Lei agitò una mano e scappò «Aspettatemi ragazzi!»
Vicino al fuoco caldo, con la pancia piena e Fedele accanto, Mavelina si sentì triste «Tu non provi un po' di senso di colpa?»
«Perché?»
«Abbiamo ingannato questa famiglia.» sussurrò «Noi siamo criminali, va bene» passò la mela d'oro tra le dita prima di rimetterla sotto, nella tasca «Ma allora siamo uguali al cacciatore.»
«Sì?» Fedele corrugò la fronte, voltò gli occhi verso il tappeto, steso di fronte al fuoco.
«Eh?» insistette Mavelina.
Sul tappeto Isa guardava le mani di Filomeno piegare a cerchietto una barretta d'argento, farci un ricciolo e incastonarci una pietra colorata «Questa qui?» chiese il nano.
«L'ho trovata io mentre papà scavava la terra.» spiegò lei.
«E allora...» Filomeno incastonò per bene, la chiuse nell'argento col pollice, poi ci soffiò sopra, perché il metallo si raffreddasse e la alzò sopra la testa di Isa «Io ti nomino, principessa di queste pianure.» la incoronò con quel cerchietto «E chiunque ti sposi, dovrà meritarti.»
«Dovrà battere papà prima.»
«Ohoh» il padre sogghignò, seduto lì accanto, assieme alla madre «Grazie» fece questa «Grazie della pentola che mi avete regalato, umile servitucolo di Sir Fedele.»
«Smettetela di ringraziarmi, altrimenti me la riprendo.» borbottò il nano che tornato a guardare la bambina la vide corrucciata a imitare il suo viso «Eheh» ridacchiò «Vuoi anche una collana?»
«Davvero?»
Filomeno infilò subito le mani nel suo sacco, pinze, maglie d'argento e martello.

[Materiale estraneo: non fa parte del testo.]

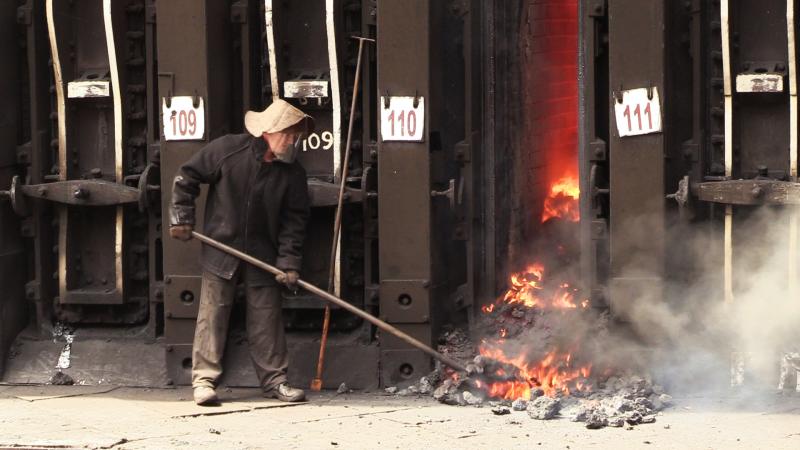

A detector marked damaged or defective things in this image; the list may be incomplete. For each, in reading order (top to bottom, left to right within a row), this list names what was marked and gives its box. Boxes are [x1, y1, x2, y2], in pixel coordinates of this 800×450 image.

rusty metal column [155, 0, 231, 386]
rusty metal column [376, 0, 434, 386]
rusty metal column [608, 0, 664, 316]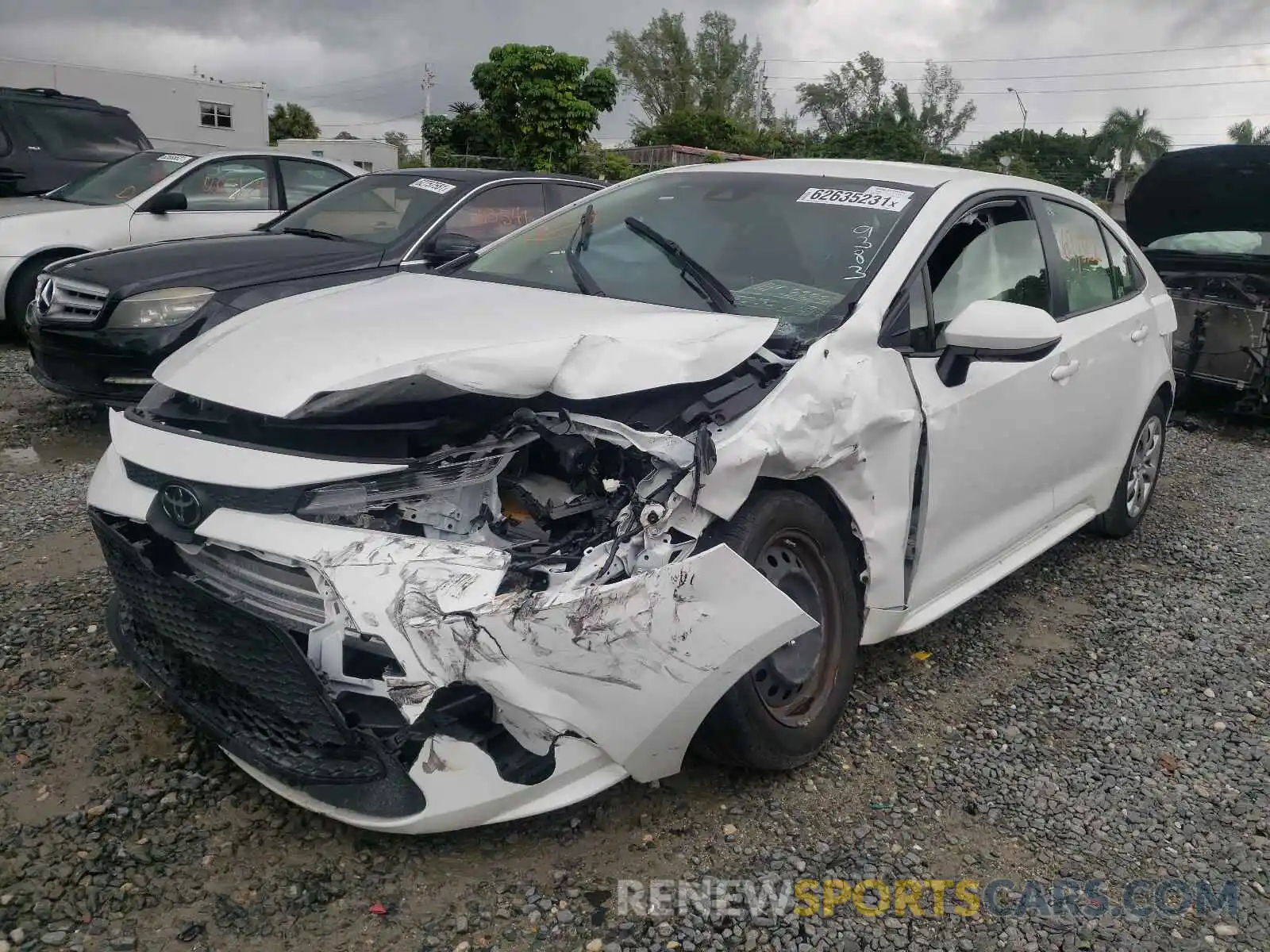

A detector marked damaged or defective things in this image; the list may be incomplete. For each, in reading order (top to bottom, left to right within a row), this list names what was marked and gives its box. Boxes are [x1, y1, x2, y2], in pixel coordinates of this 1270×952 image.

crumpled hood [1124, 145, 1270, 248]
shattered headlight [108, 289, 214, 328]
crumpled hood [154, 268, 778, 416]
shattered headlight [294, 438, 530, 517]
damaged white toyota corolla [87, 162, 1181, 831]
crushed front end [91, 367, 826, 831]
cracked bumper [91, 425, 826, 831]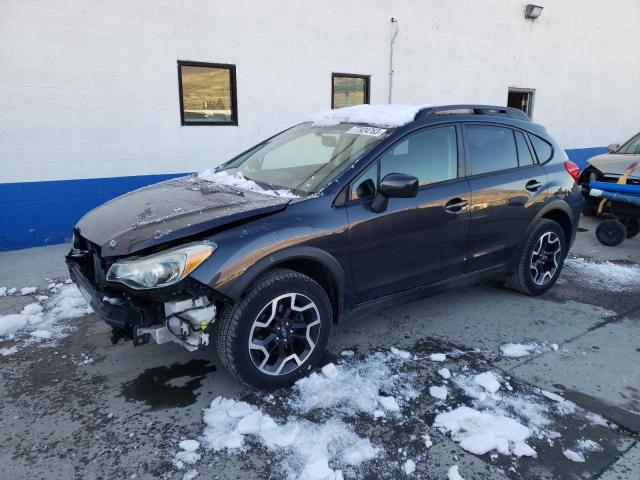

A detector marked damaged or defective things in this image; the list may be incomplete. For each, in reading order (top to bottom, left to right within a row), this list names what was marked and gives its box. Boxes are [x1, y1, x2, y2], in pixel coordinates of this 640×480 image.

broken headlight assembly [105, 244, 215, 288]
damaged subaru crosstrek [67, 103, 584, 388]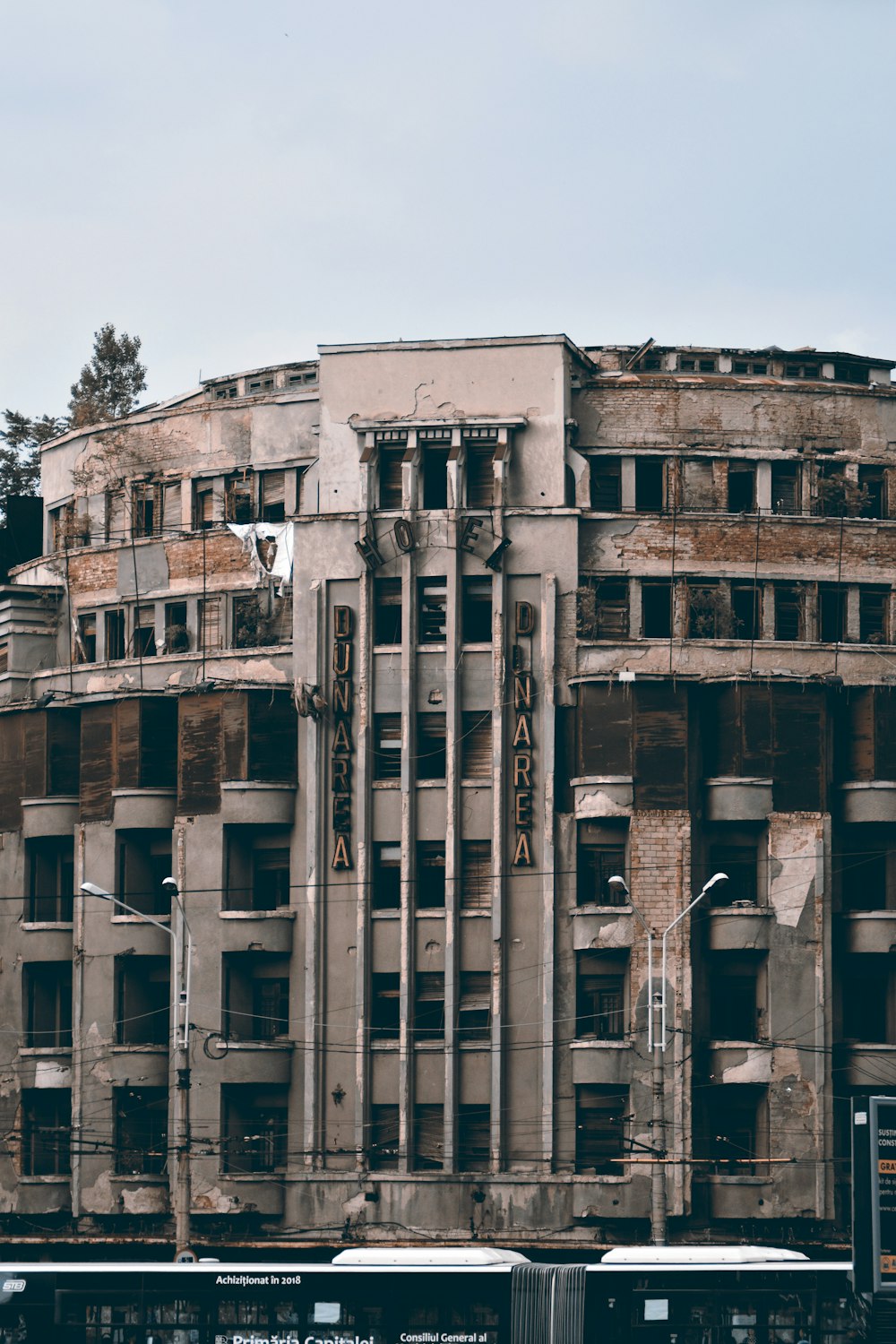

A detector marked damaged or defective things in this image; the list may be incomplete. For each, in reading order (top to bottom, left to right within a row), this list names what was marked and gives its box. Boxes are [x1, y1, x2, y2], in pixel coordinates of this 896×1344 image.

broken window [591, 459, 620, 509]
broken window [634, 459, 663, 509]
broken window [728, 459, 756, 509]
broken window [767, 470, 803, 520]
broken window [76, 613, 97, 667]
broken window [106, 609, 127, 663]
broken window [164, 606, 190, 659]
broken window [371, 573, 403, 649]
broken window [418, 577, 448, 645]
broken window [462, 577, 491, 645]
broken window [577, 581, 627, 642]
broken window [645, 581, 674, 642]
broken window [774, 584, 803, 642]
broken window [860, 588, 889, 649]
broken window [373, 717, 401, 778]
broken window [419, 710, 448, 785]
broken window [462, 710, 491, 785]
broken window [25, 839, 74, 925]
broken window [117, 839, 173, 925]
broken window [224, 831, 290, 918]
broken window [369, 842, 401, 918]
broken window [419, 842, 448, 918]
broken window [462, 842, 491, 918]
broken window [577, 821, 627, 907]
broken window [23, 968, 72, 1054]
broken window [116, 961, 169, 1054]
broken window [224, 953, 290, 1047]
broken window [369, 982, 401, 1039]
broken window [412, 975, 444, 1047]
broken window [459, 975, 495, 1047]
broken window [577, 946, 627, 1039]
broken window [706, 946, 763, 1039]
broken window [21, 1097, 71, 1176]
broken window [116, 1090, 168, 1176]
broken window [221, 1090, 287, 1176]
broken window [369, 1111, 401, 1176]
broken window [410, 1111, 443, 1176]
broken window [459, 1111, 495, 1176]
broken window [573, 1090, 631, 1176]
broken window [695, 1082, 767, 1176]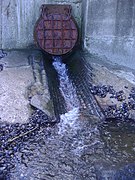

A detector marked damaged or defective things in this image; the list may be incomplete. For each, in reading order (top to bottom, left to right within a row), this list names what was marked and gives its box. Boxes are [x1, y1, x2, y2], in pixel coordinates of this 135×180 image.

rust [34, 4, 78, 55]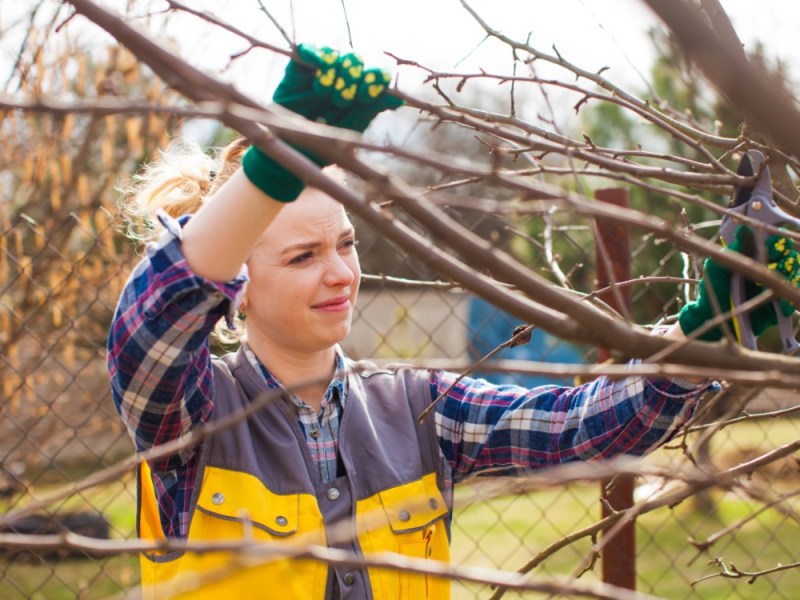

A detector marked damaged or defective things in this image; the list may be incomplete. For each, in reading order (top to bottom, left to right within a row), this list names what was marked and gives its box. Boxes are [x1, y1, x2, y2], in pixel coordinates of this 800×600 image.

rusty metal pole [592, 189, 636, 592]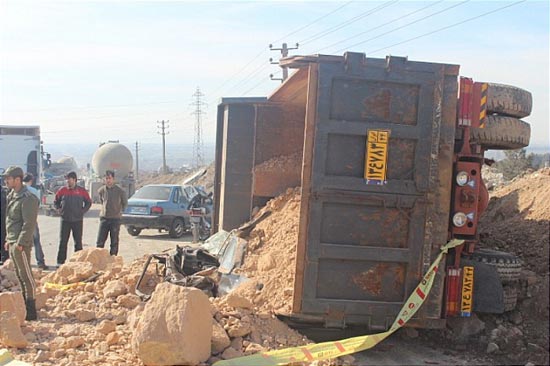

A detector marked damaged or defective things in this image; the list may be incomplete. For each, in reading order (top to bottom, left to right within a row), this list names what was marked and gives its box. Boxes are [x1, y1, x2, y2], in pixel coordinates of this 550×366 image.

overturned truck [212, 52, 532, 332]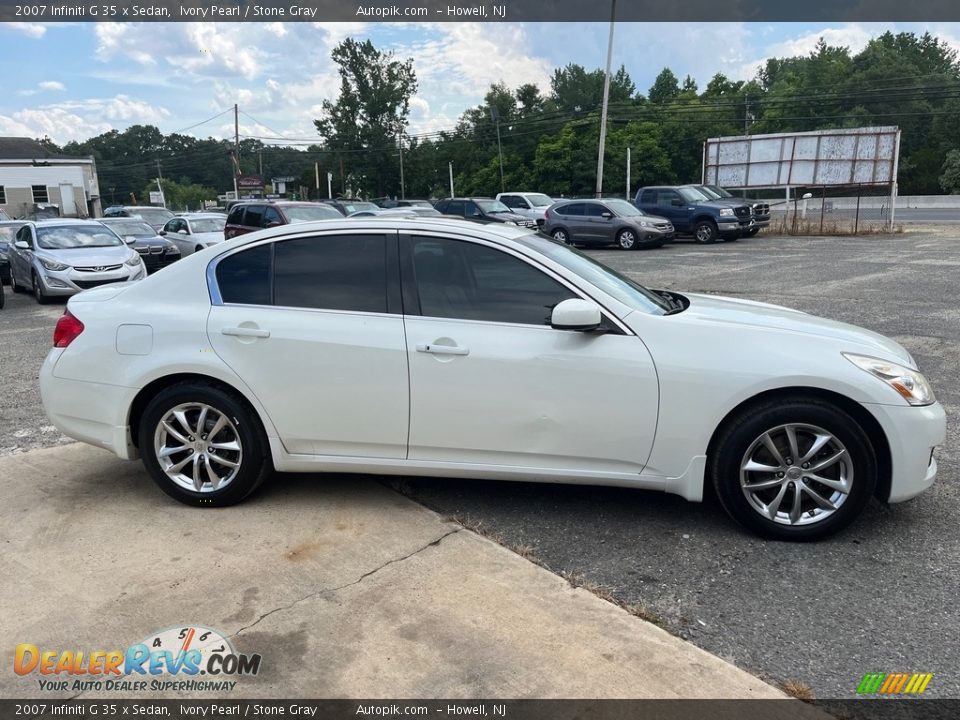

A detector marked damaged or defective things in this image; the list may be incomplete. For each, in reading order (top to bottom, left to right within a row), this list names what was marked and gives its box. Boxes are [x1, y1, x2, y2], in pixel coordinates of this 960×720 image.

cracked concrete [0, 444, 808, 704]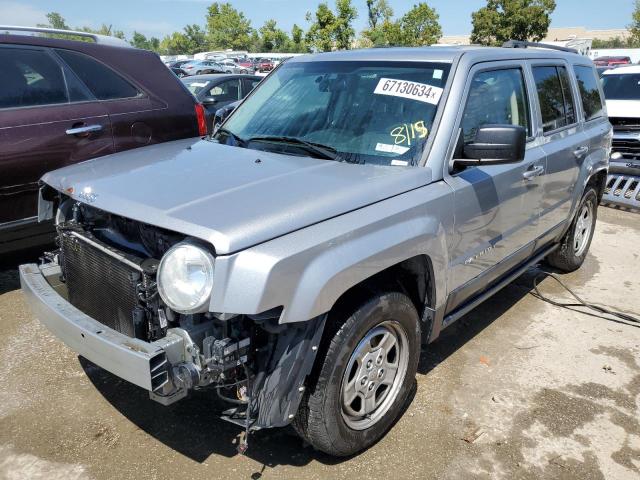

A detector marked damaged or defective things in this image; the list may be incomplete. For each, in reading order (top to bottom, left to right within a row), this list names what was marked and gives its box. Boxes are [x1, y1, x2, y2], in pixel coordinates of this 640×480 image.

«No, Mavel.» sussurrò Fedele «Noi sembriamo criminali, ma siamo qualcosa di diverso.»
«Diversi dal cacciatore?»
«In realtà non lo so. Ma in fondo noi...» prese la mela di tasca a Mavelina e la sollevò, il fuoco si riflesse sulla sua superficie liscia «In fondo noi abbiamo una missione. Una missione che parlerà anche di oro, che parlerà di una mela, che parla di sotterfugio, tradimento e rapimento, ma che parla anche d'amore.»
«Tanto vale allora...» i sospiri di Mavelina passarono per labbra appena appena aperte, calde, vicine a quelle di Fedele mentre lui diceva «Tanto vale macchiare i vestiti in questa palude di criminalità, per nuotare... fino... all'amore.»